I’m implementing adding new tokens to a pretrained Transformer model. For that I need to reinitialise the embedding vectors (expand them to include new tokens). However, I noticed that my expand_embeddings
method, when run, breaks something in the model (loss goes up, predictions go rubbish).
Here’s what it looks like:
def expand_embeddings(self, new_vocab_size, device):
# Clone weights from embedding layer
old_embeddings = self.embed.token_embed.weight.data.clone().transpose(0,1).to(device)
# TEST: Don't include new tokens, instead simply reinitialise the layers as you would
# if new tokens were to be added
new_vocab_size = 32004
# Initialise the embedding layer to the old weights
self.embed = EmbeddingLayer(new_vocab_size, self.d_model, self.max_length, old_embeddings).to(device)
# Tie weights with the output layer
self.decoder.generator = Generator(self.d_model, new_vocab_size, self.embed.token_embed.weight.data).to(device)

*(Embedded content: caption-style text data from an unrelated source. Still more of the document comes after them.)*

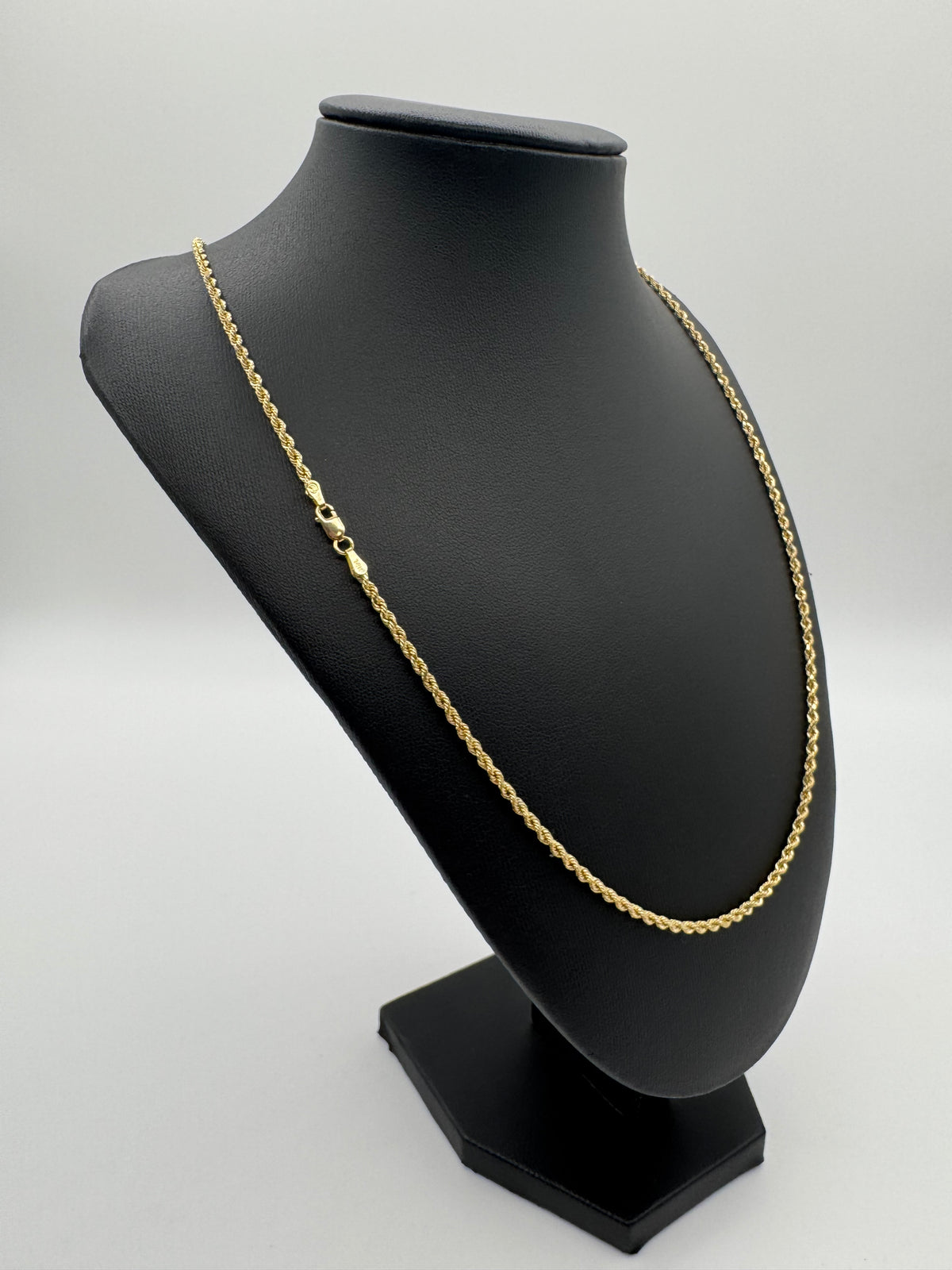 2.5mm Rope Chain 22 inches (DIAMOND CUT)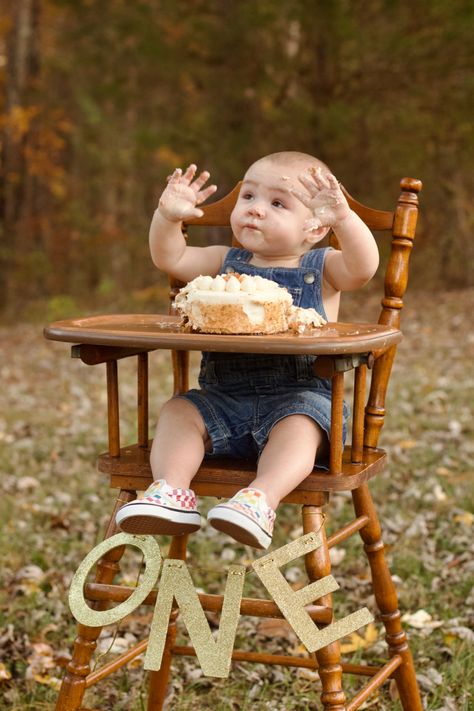 Antique High Chair Cake Smash, High Chair Smash Cake Photos, Farmers Market Birthday Party, Smash Cake First Birthday, Cake First Birthday, Wooden High Chair, First Birthday Photoshoot, Smash Photoshoot, Bday Shoot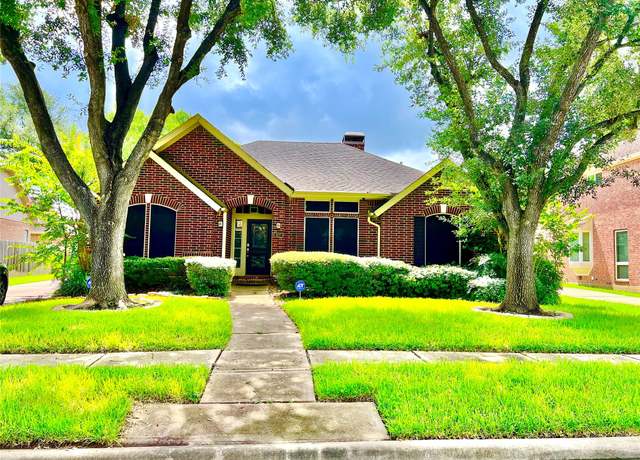 Property at 807 Epperson Way Ct, Sugar Land, TX 77479, 3 beds, 2.5 baths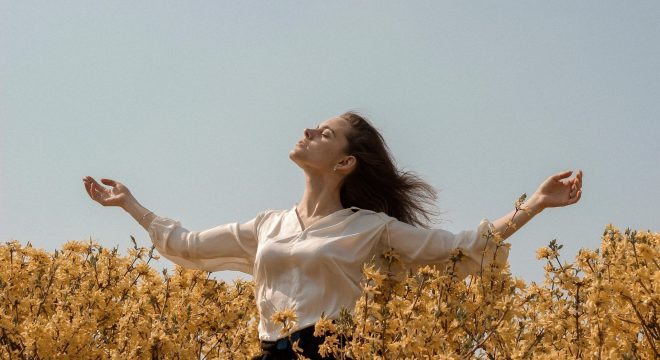 Meditácia pre modernú ženu: Spôsoby, ako zvládnuť stres a nájsť pokoj uprostred chaosu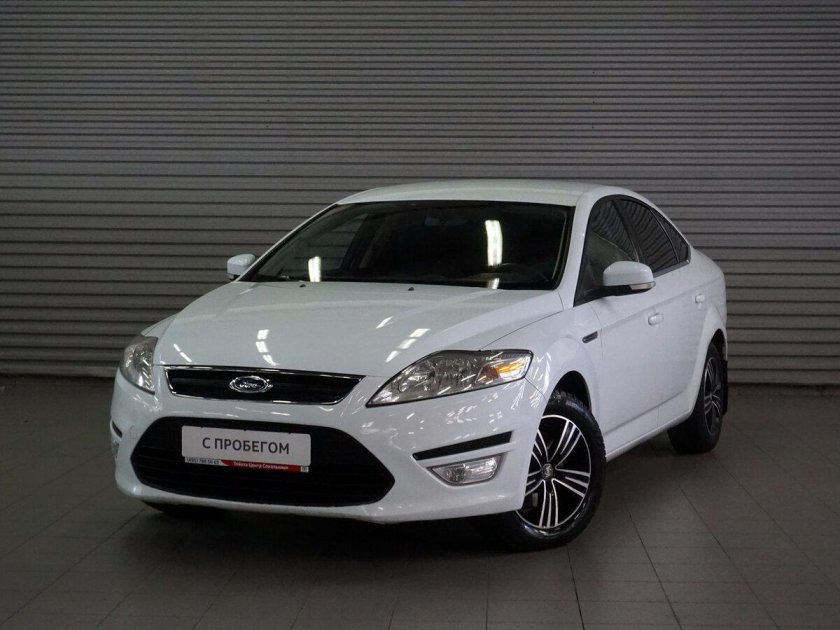 Форд Мондео белый 2013 года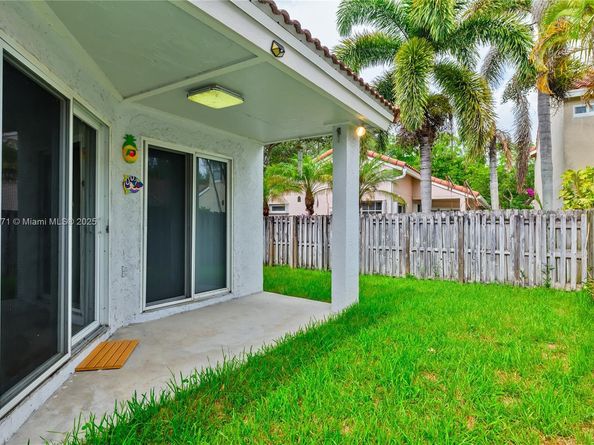 1361 Seagrape Cir, Weston FL 33326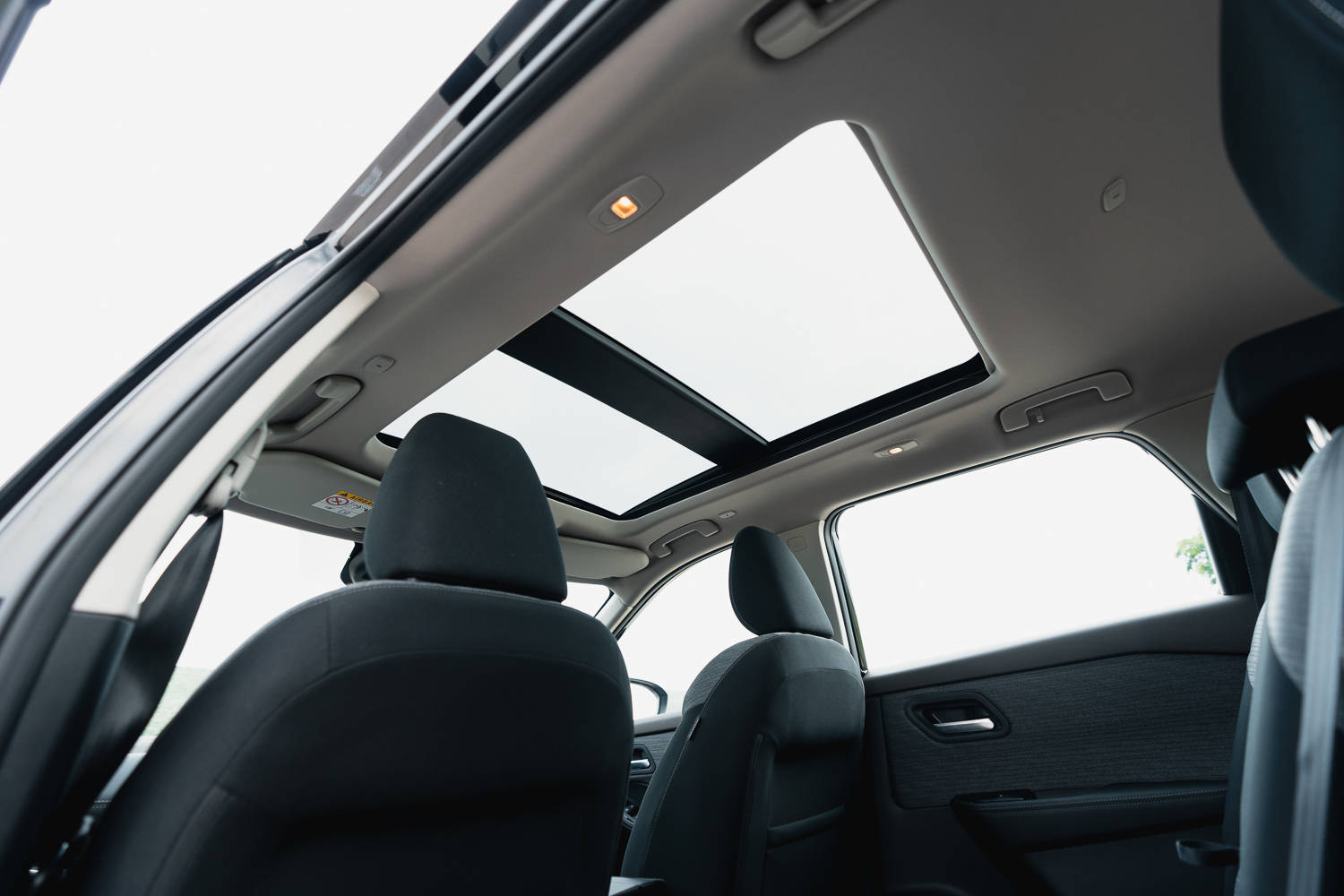 Nissan X-Trail Panoramic Sunroof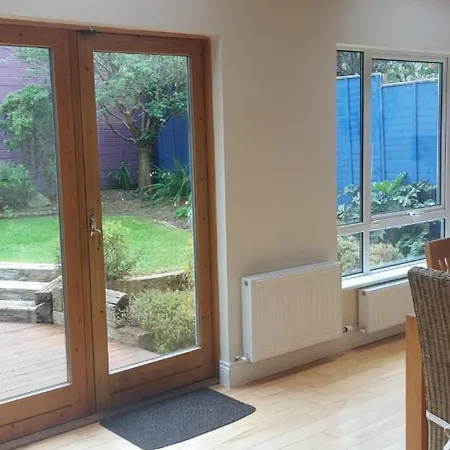 Bright Open Airy Living In Dublin 14 Дом отдыха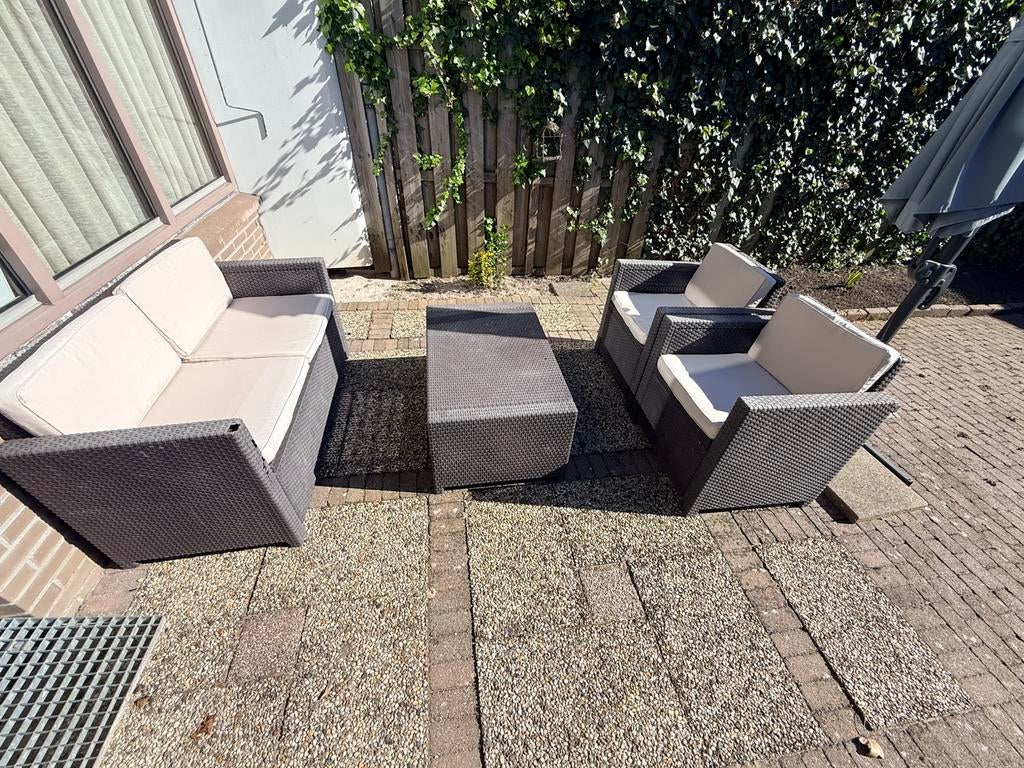 Leuk tuinsetje op te halen voor een pak Douwe egberts koffie, Ophalen, Zo goed als nieuw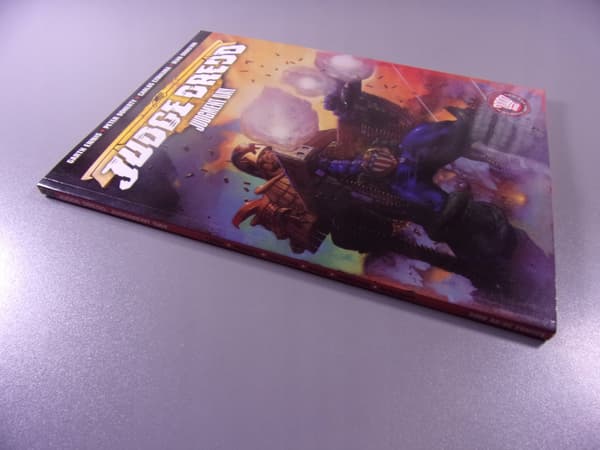 JUDGE DREDD: JUDGMENT DAY, 2004, English-language edition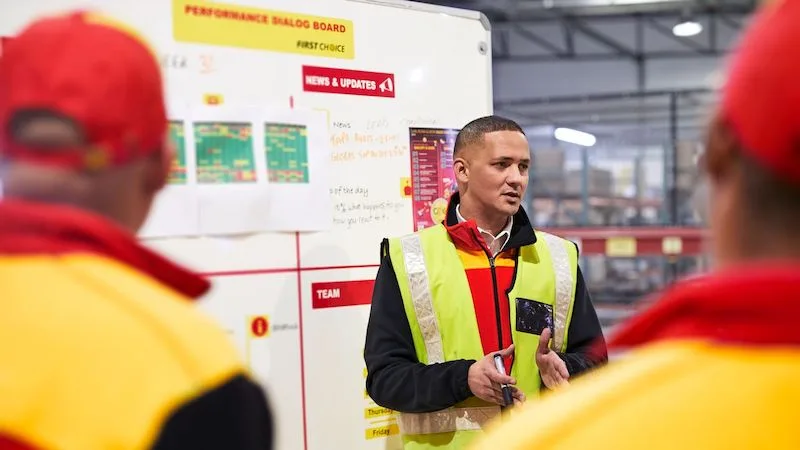 <p>In the world of e-commerce, the last mile isn't just a distance; it's an experience. A positive last-mile delivery experience can<b>&nbsp;set your&nbsp;business&nbsp;apart from the competition</b>, fostering&nbsp;c<b>ustomer satisfaction, loyalty, and growth</b>&nbsp;for long-term success.</p>
<p>When you partner with&nbsp;<a href="https://www.dhl.com/discover/en-lk/">DHL Express Sri Lanka</a>, you're not just choosing a global courier service; you're selecting a<b>&nbsp;reliable and customer-centric</b>&nbsp;ally in your e-commerce journey. Our&nbsp;<b>advanced&nbsp;real-time parcel tracking&nbsp;systems, commitment to timely&nbsp;shipping, extensive&nbsp;international&nbsp;network</b>, and&nbsp;<b>seamless&nbsp;last-mile&nbsp;logistics</b>&nbsp;ensure that your customers receive their orders with smiles on their faces.</p>
<p><b>Open a&nbsp;business&nbsp;account</b>&nbsp;with us today and find out how our services &nbsp;and technology can help your e-commerce business grow domestically and overseas.</p>
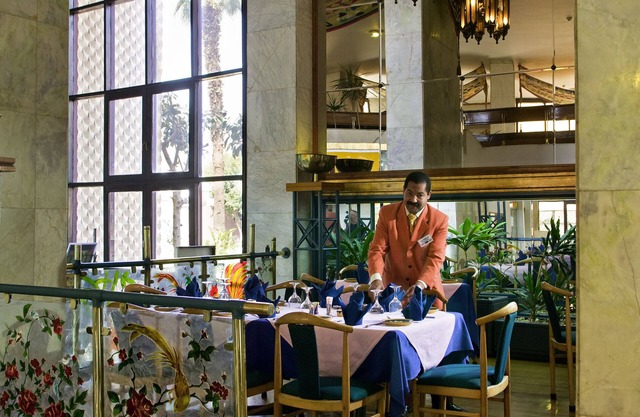 Aracan Eatabe Luxor Hotel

Here are the Generator and EmbeddingLayer init’s for reference:
class Generator(nn.Module):
def __init__(self, d_model, vocab_size, tied_weights):
super(Generator, self).__init__()
self.proj = nn.Linear(d_model, vocab_size)
self.proj.weight.data = tied_weights
def forward(self, x):
(...)
class EmbeddingLayer(nn.Module):
def __init__(self, vocab_size, d_model, max_length, tied_weights=None):
super(EmbeddingLayer, self).__init__()
self.token_embed = Embedding(vocab_size, d_model)
if tied_weights is not None:
# Must transpose weights since Linear transposes by default but Embedding does not
self.token_embed.weight.data = tied_weights.clone().transpose(0, 1)
self.pos_embed = Embedding(max_length, d_model)
self.vocab_size = vocab_size
def forward(self, x, pos):
(...)
When expand_embeddings
is not run, the training loss starts at 15.12, when it is run it starts at 93.06. However, I’d expect these values to be identical.